Rude behavior, back talk, whining, foul language, and a lack of manners all show how commonplace disrespect has become in today’s society. With so many poor role models around them, it’s easy for your children to sink to that same level. But when you teach them respect, you teach them to value themselves and others – and that will make them blessings to the world.

Here’s how you can raise respectful kids in a disrespectful world:

Build self-respect instead of self-esteem. Realize that seeking to build your kids’ self-esteem will teach them to focus on themselves, how they feel, and what they want. Make it your goal to help them build self-control and self-discipline, which will lead to self-respect and place their focus on how others feel and what others need. Teach your kids to serve others rather than expecting to be served. Encourage them to contribute to the world rather than expect the world to give to them.

Be the person you want your kids to become. Command your children’s respect by modeling what it looks like to be a respectful person. Ask God to help you live with integrity in all areas of your life, and to guide your speech and behavior. Know that when your children respect you, they can more easily respect God, others, and themselves.

Focus on character. Don’t be a parent-centered parent (focusing on your own desires above what’s best for your children) or a child-centered parent (focusing on your children’s desires so much that you overindulge them). Instead, be a character-centered parent, focusing on producing strong character in your kids. Make decisions with your goal in mind. Rely on wisdom from the Bible, which is timeless, instead of the latest trend from pop psychology. Keep the promises you make to your kids. Keep your priorities in the right order: God, spouse (if you have one), children, others, and self.

Use age-appropriate approaches. Help kids ages birth to 2 years old build trust by establishing routines for them, setting a consistent schedule, and showing them that you’re in charge. Help kids ages 3 to 5 years old build a sense of security by offering them recognition, paying attention to them, and showing them that they belong in your family. Help kids ages 6 to 12 develop the ability to obey by building a close relationship with them, listening well to them, and being authentic. Help kids ages 13 to 19 to develop self-respect by giving them responsibility, enabling them to discover more about themselves, and transferring accountability to them.

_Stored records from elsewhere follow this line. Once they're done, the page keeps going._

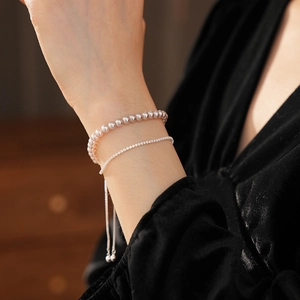 Gros plan d'un bracelet double épaisseur avec perles et zircons au poignet féminin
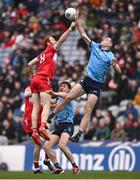31 March 2024; Brian Fenton of Dublin in action against Conor Glass of Derry during the Allianz Football League Division 1 Final match between Dublin and Derry at Croke Park in Dublin. Photo by Ramsey Cardy/Sportsfile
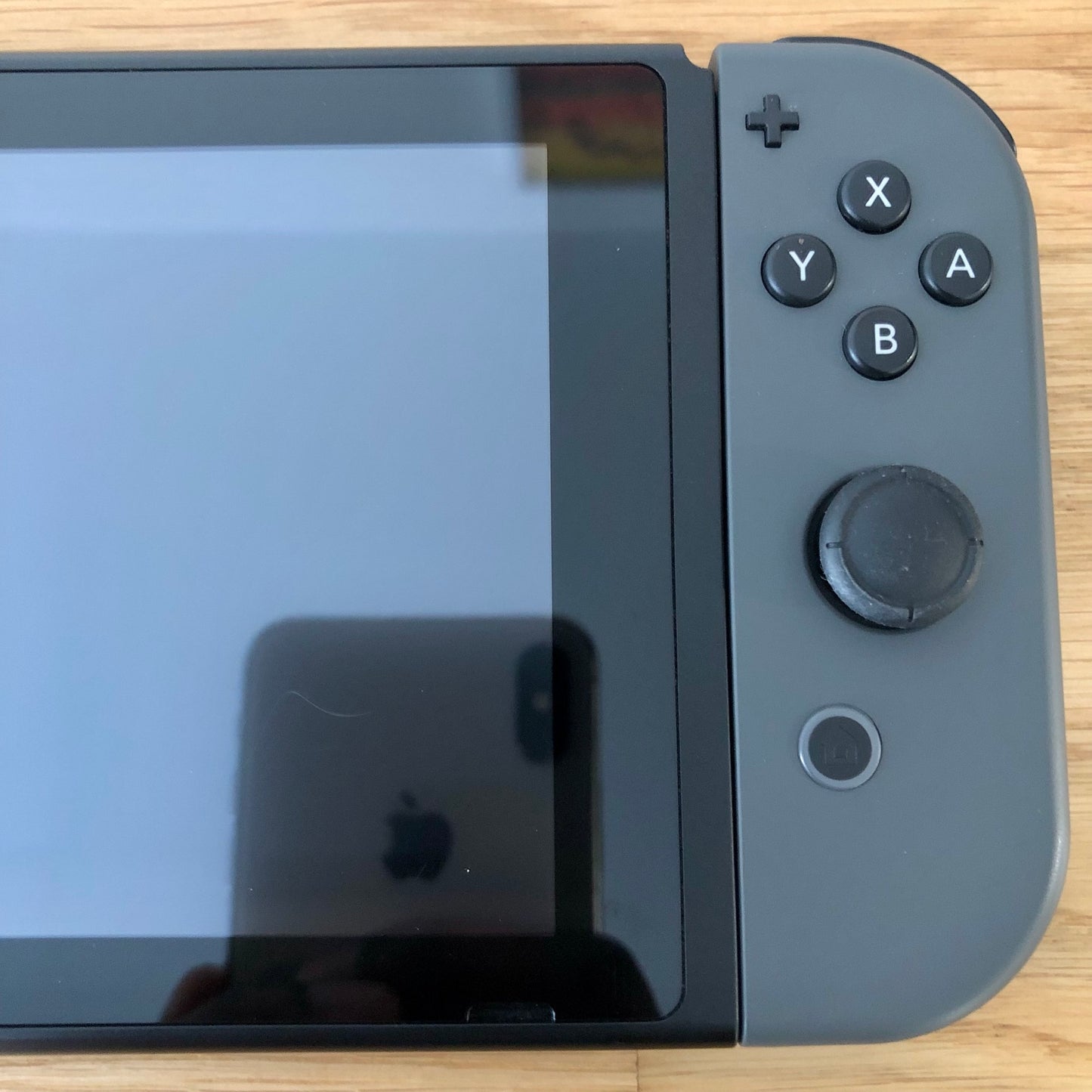 Close-up of grey right Joy-Con on Nintendo Switch, showing A, B, X, Y buttons, stick, plus and home button.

Emphasize purpose rather than performance. Examine your motives for trying to help your kids succeed. Ask yourself: "Do I want my child to be Number One? Or do I want my child to be the best he or she can be?" Don’t focus on what you want your child to do. Instead, consider who you want your child to become. Realize that character qualities like perseverance, honesty, and responsibility are much more important than academic knowledge or skills from extra-curricular activities. Ask God to help you inspire your kids out of a heart of love instead of pushing them out of a heart of selfish ambition. Help your children uncover their strengths and weaknesses by giving them plenty of opportunities to try out different activities, then looking for patterns to emerge. Ask: "What kinds of things is each child interested in?," "In what areas does each excel?" and "What things give each child joy?" Expose them to nature, good literature, museums, art, history, and other pursuits that can expand their horizons. Don’t push your kids to be perfect, realizing that they never can be. Instead, simply encourage them to do the best they can. Accept your children for who they are, and don’t compare them with each other or classmates. Give your kids enough downtime for unstructured play on a regular basis, since they need that time to develop their creativity. Encourage them to build a close relationship with God through frequent prayer.